İşbu makalede, anonim şirketlerde ve limited şirketlerde ortakların haklı sebeple feshi konusu ele alınmaktadır. TTK’nın anonim ortaklığın haklı sebeple feshine imkân sağlayan hükmü, Türk doktrini tarafından oldukça olumlu karşılanmıştır. Fakat gerek anonim şirket gerekse limited şirketin haklı sebeple feshi davasında haklı sebebin tam olarak ne olduğu kanunda belirtilmemektedir. Buna ilişkin olarak makalemizde incelemelerde bulunulacaktır.
1. Anonim Şirket Sözleşmesinin Sona Erdirilmesi
Bilindiği üzere, anonim şirketlerde çıkma hakkı bulunmamaktadır. Bunun sebebi, haklı nedenin şahıs şirketlerine özgü bir kurum olmasından kaynaklıdır. Bu noktada anonim şirketin haklı sebeplerle feshi, ortaklık ilişkisi sürdürülemez hale gelen anonim şirketler açısından büyük önem taşımaktadır.

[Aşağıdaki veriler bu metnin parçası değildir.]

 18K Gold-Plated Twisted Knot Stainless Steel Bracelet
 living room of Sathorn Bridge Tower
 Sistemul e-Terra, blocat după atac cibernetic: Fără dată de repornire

Anonim şirketler, tüzel kişiliğe sahip ticaret şirketlerdendir. Anonim şirketin hukuki varlığının ortadan kalkması, tüzel kişiliğin sona ermesi ile gerçekleşmektedir. Bu işlemler için belirli bir sürecin tamamlanması gerekmektedir. İşbu süreç bitiminde anonim şirket, tüzel kişiliğini kaybedip hukuki varlığı da ortadan kalkmaktadır.
Sona erme hususu farklı sebeplere bağlı olarak gerçekleşebilmektedir. İşbu sebepler genel ve özel sebepler olarak ikiye ayrılmaktadır. Genel sebepler; fesih kararı, esas sözleşmeden kaynaklanan sebepler ve iflastır. Özel sebepler ise; organ eksikliği ve haklı sebeple fesihtir.

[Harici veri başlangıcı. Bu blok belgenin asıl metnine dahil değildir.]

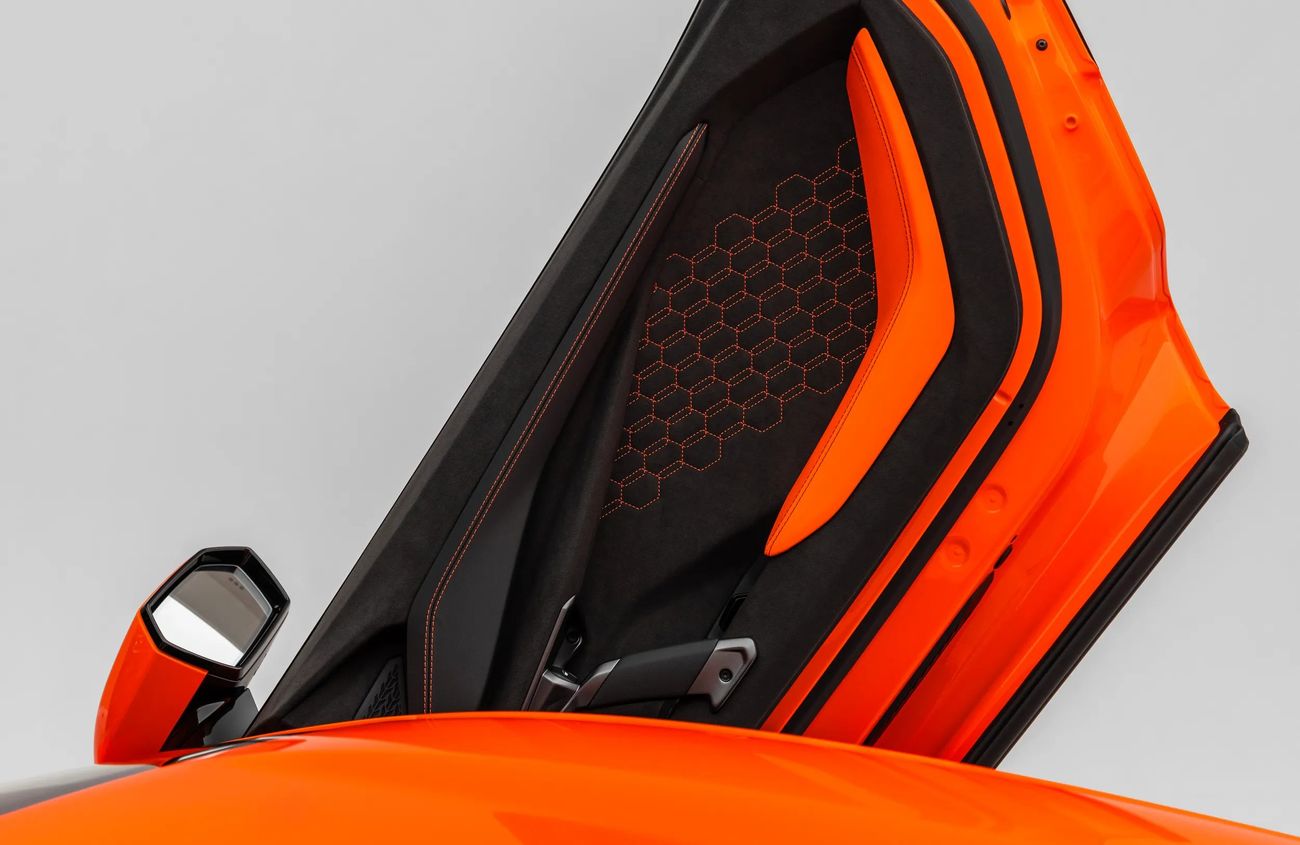 لامبورغيني ريفويلتو 6.5L V-12 Naturally Aspirated Engine + eMotor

1.1 Haklı Sebeplerle Fesih
Anonim şirketlerin haklı sebeplerle feshi, 6102 sayılı TTK’nın 531. maddesinde yer almaktadır. Bu düzenleme ile azlık pay sahiplerinin menfaatlerinin ağır bir şekilde ihlâli halinde, haklı sebeplerden dolayı hâkim kararıyla anonim şirketlere son verilmesi söz konusu olabilmektedir. TTK’nın işbu düzenlemesi azınlık pay sahiplerine oldukça sıkı şartlar altında şirketin haklı sebepler ile fesih isteme hakkını öngörmüştür.
Bu düzenleme esasen MK.2/II’de bulunan medeni hukukta hakkın kötüye kullanılmasını engellemesine benzer bir işleve sahiptir. TTK 531. maddesi ile anonim şirketler hukukunda çoğunluğun hâkimiyetinin kötüye kullanılmasına karşı, azlık pay sahipleri haklı sebeple fesih davası yolu ile koruma altına alınmaktadırlar. Fakat bu hüküm, yalnızca çoğunluğun dürüstlüğe aykırı davranışlarına karşı bir koruma şekli olarak görülemez.
1.2 Dava Açabilecek Kişiler
Azlık pay sahiplerine tanınmış olan hak, haklı sebeple fesih davası açmaktır. Bu hak, anonim şirketlerde sermayenin en az onda birini veya halka açık anonim şirketlerde ise yirmide birini temsil eden pay sahiplerine verilmiştir. Paya yalnızca bir pay sahibinin sahip olması gerekmemektedir; daha fazla pay sahibi de bir araya gelip, haklı sebeple fesih nedeniyle dava açabilmektedir.
Şirketin merkezinin bulunduğu yerdeki asliye ticaret mahkemesi görevli ve yetkili mahkemedir. İşbu davada azlık pay sahipleri, şirketin feshine hükmedilmesini talep etmektedirler. Davalı ise şirketin tüzel kişiliğidir.
1.3 Halka Açık Anonim Ortaklıklar
Haklı sebeple fesih davasını, tüm anonim ortaklıkların açabileceği ve buna halka açık anonim ortaklıkların da dahil olduğu kanunda açık bir şekilde düzenlenmiştir. Halka açık anonim ortaklıklarda azınlık olarak yüzde beş oranının yeterli olacağı ve sermayenin yüzde beşini temsil eden payların sahipleri, fesih davasını açabilecektir.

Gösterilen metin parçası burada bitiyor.